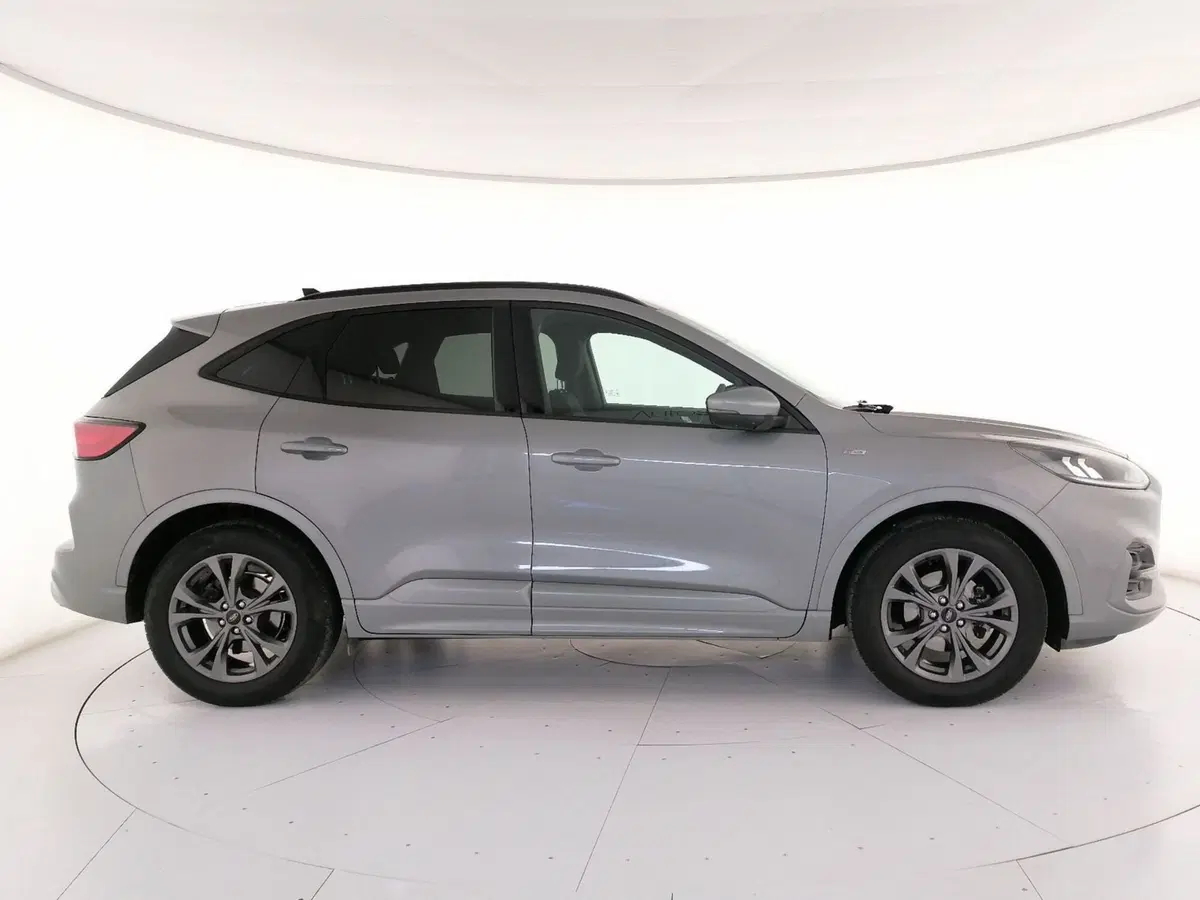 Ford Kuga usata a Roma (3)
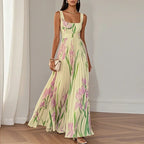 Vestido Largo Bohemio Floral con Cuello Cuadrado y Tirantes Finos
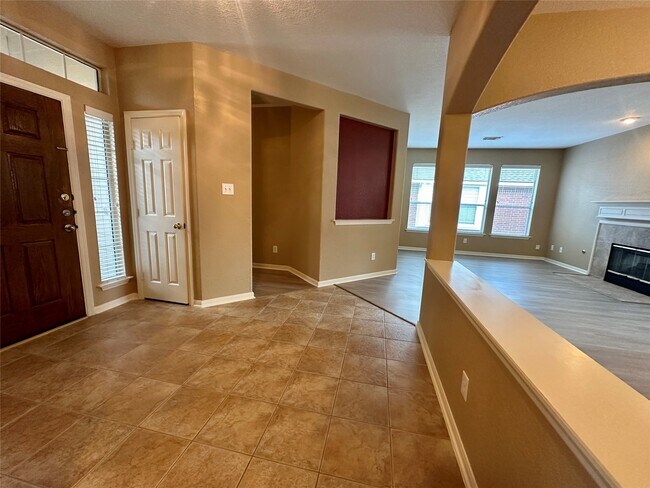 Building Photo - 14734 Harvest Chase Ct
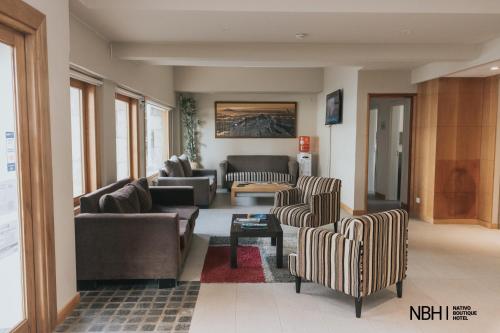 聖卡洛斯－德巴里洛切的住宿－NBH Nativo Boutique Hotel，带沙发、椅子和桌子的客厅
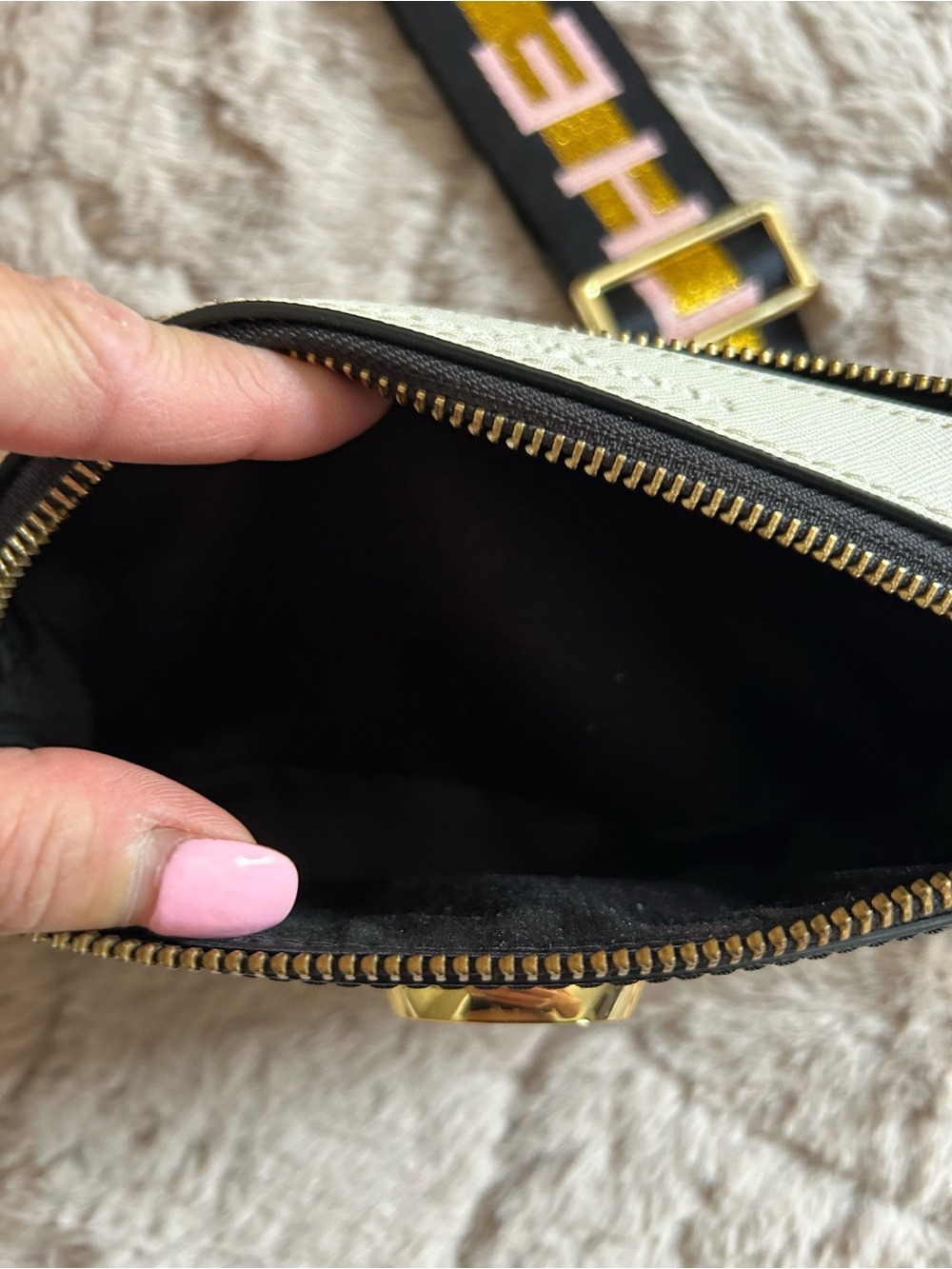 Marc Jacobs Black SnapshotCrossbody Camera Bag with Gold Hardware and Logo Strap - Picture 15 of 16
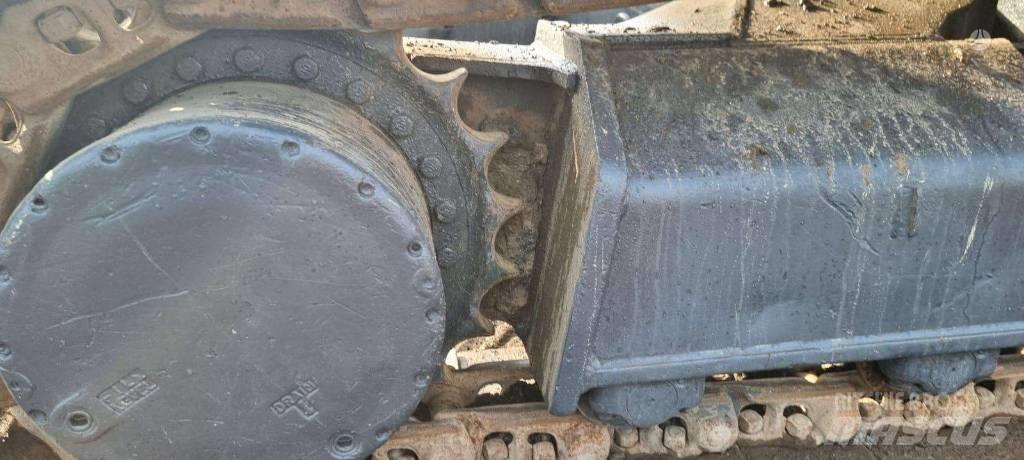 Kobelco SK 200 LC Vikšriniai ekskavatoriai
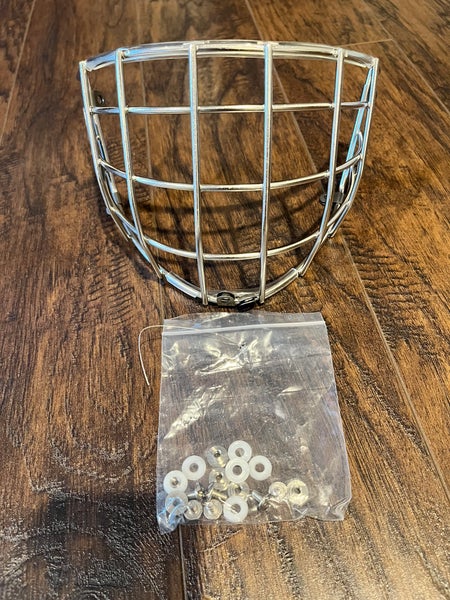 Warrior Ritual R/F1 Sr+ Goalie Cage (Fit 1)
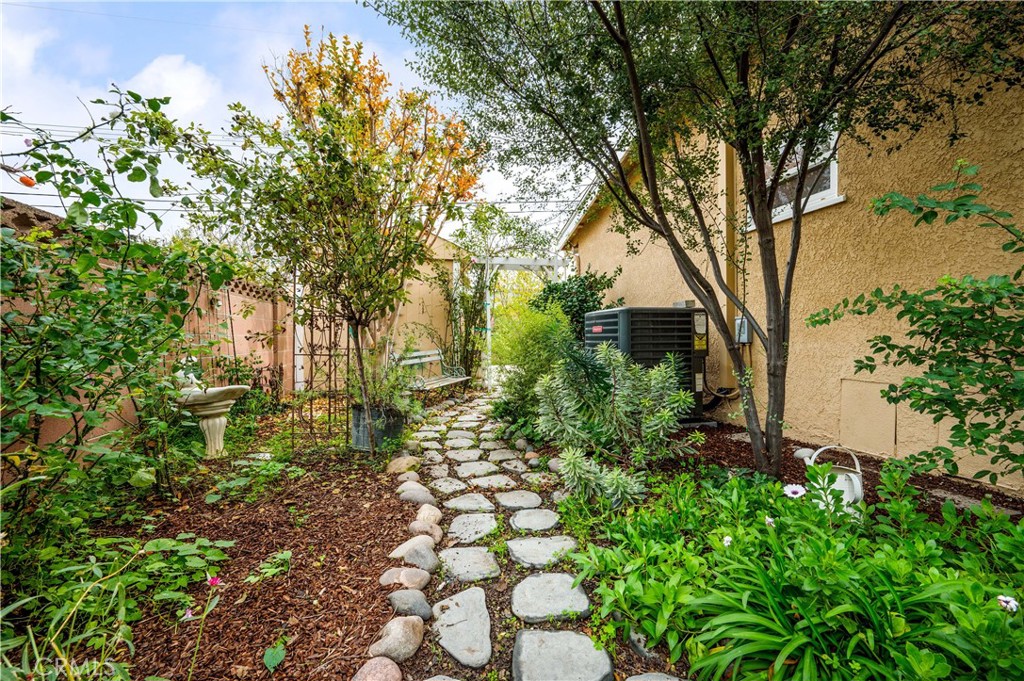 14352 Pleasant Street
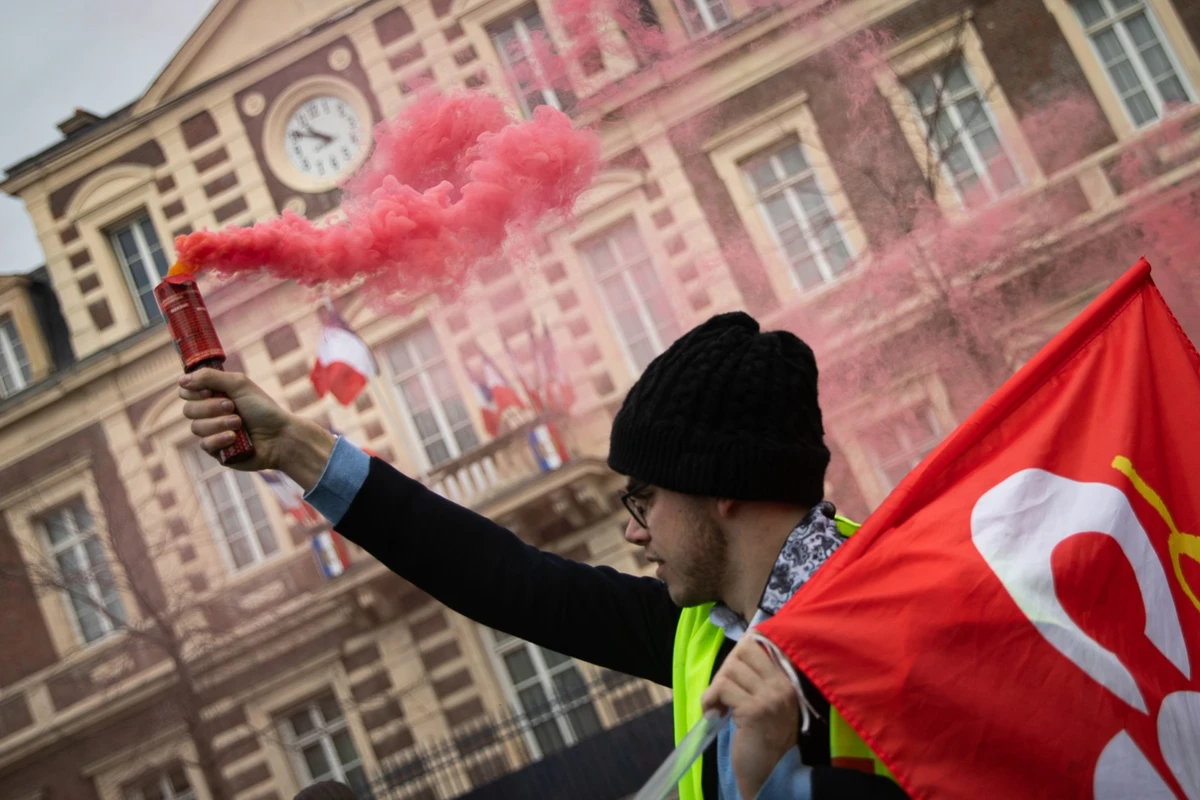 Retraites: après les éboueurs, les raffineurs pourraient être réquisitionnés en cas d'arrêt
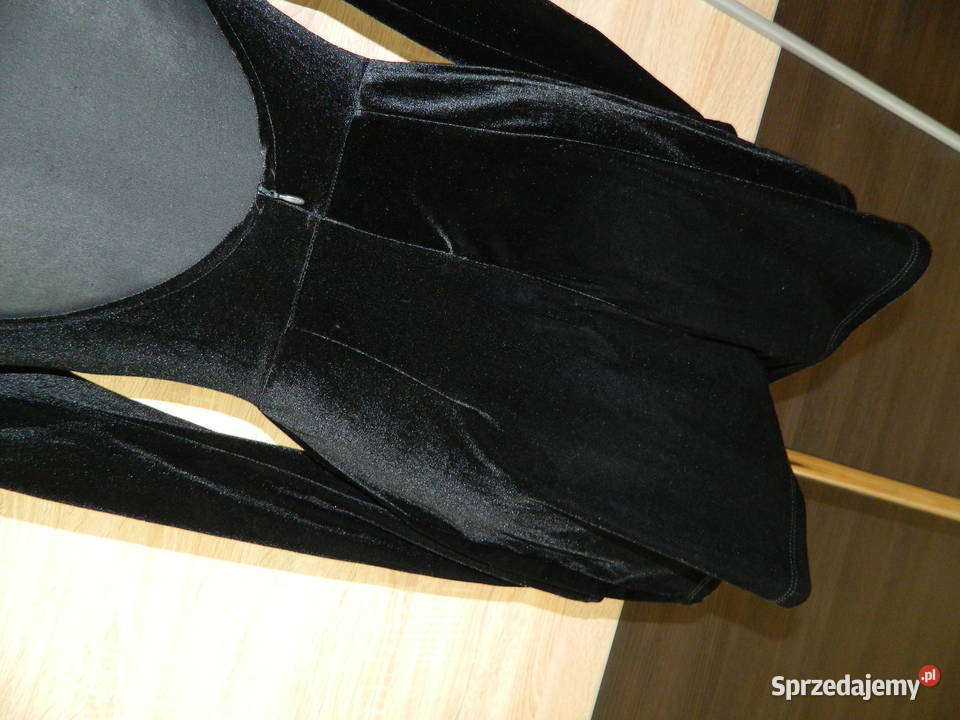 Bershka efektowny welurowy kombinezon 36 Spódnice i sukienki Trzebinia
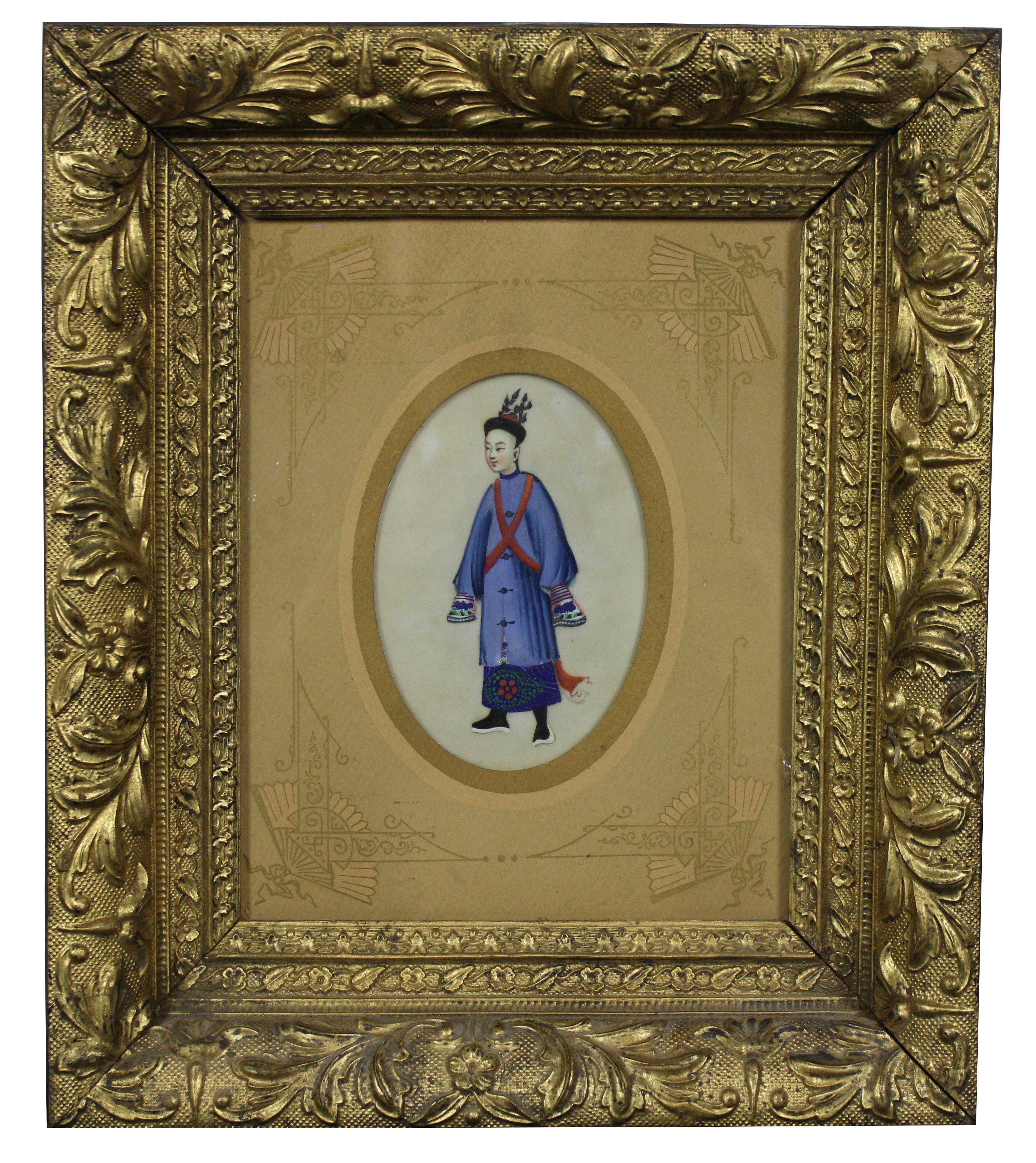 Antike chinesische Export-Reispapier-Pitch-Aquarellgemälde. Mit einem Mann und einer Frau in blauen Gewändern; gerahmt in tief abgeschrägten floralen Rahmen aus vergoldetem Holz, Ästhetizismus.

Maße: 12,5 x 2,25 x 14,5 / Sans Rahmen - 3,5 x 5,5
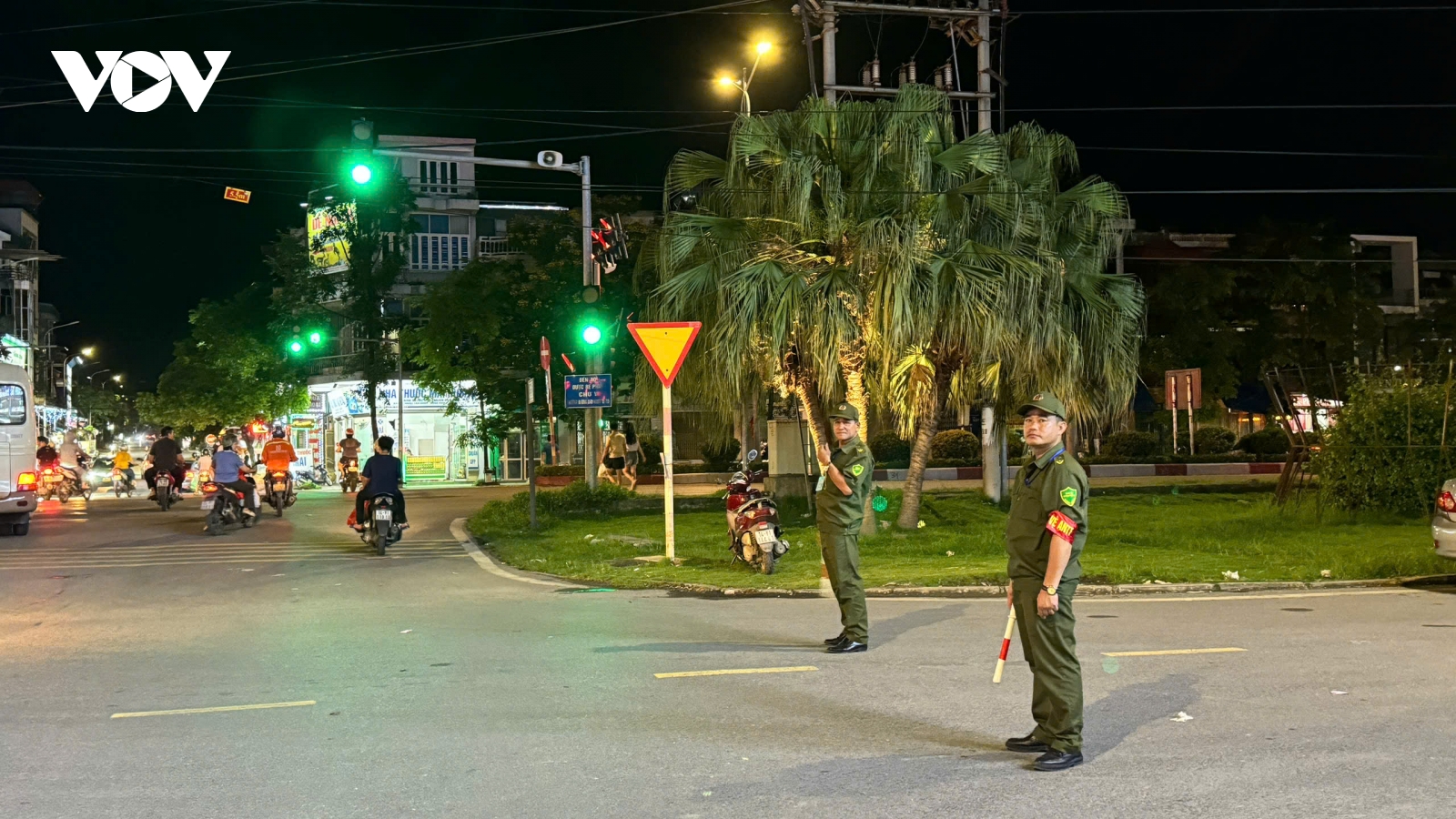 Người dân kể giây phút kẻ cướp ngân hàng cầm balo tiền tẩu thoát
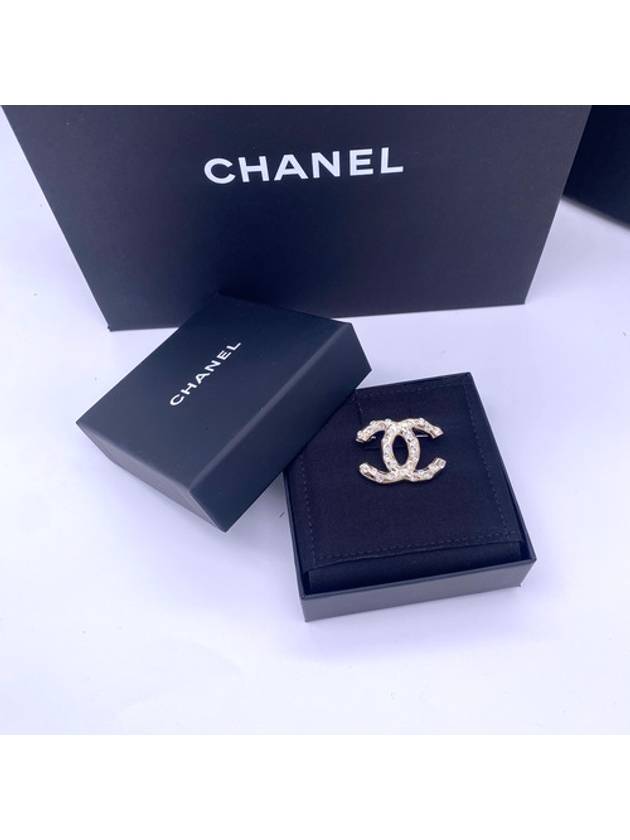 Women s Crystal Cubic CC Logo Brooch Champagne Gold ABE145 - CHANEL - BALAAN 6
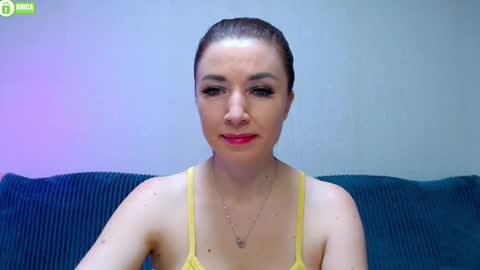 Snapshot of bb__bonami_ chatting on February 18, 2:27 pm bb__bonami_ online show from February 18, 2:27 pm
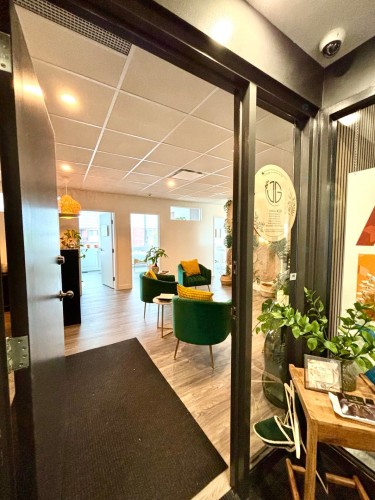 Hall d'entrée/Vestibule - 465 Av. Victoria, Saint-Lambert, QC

# # #

* [What to produce]: Given the listing above, return exactly, and only, the lines from the line with "Antike chinesische Export-Reispapier-Pitch-Aquarellgemälde." through its final line, both included, with the pictures removed.

* [Task output]:
 Antike chinesische Export-Reispapier-Pitch-Aquarellgemälde. Mit einem Mann und einer Frau in blauen Gewändern; gerahmt in tief abgeschrägten floralen Rahmen aus vergoldetem Holz, Ästhetizismus.

Maße: 12,5 x 2,25 x 14,5 / Sans Rahmen - 3,5 x 5,5
 Người dân kể giây phút kẻ cướp ngân hàng cầm balo tiền tẩu thoát
 Women s Crystal Cubic CC Logo Brooch Champagne Gold ABE145 - CHANEL - BALAAN 6
 Snapshot of bb__bonami_ chatting on February 18, 2:27 pm bb__bonami_ online show from February 18, 2:27 pm
 Hall d'entrée/Vestibule - 465 Av. Victoria, Saint-Lambert, QC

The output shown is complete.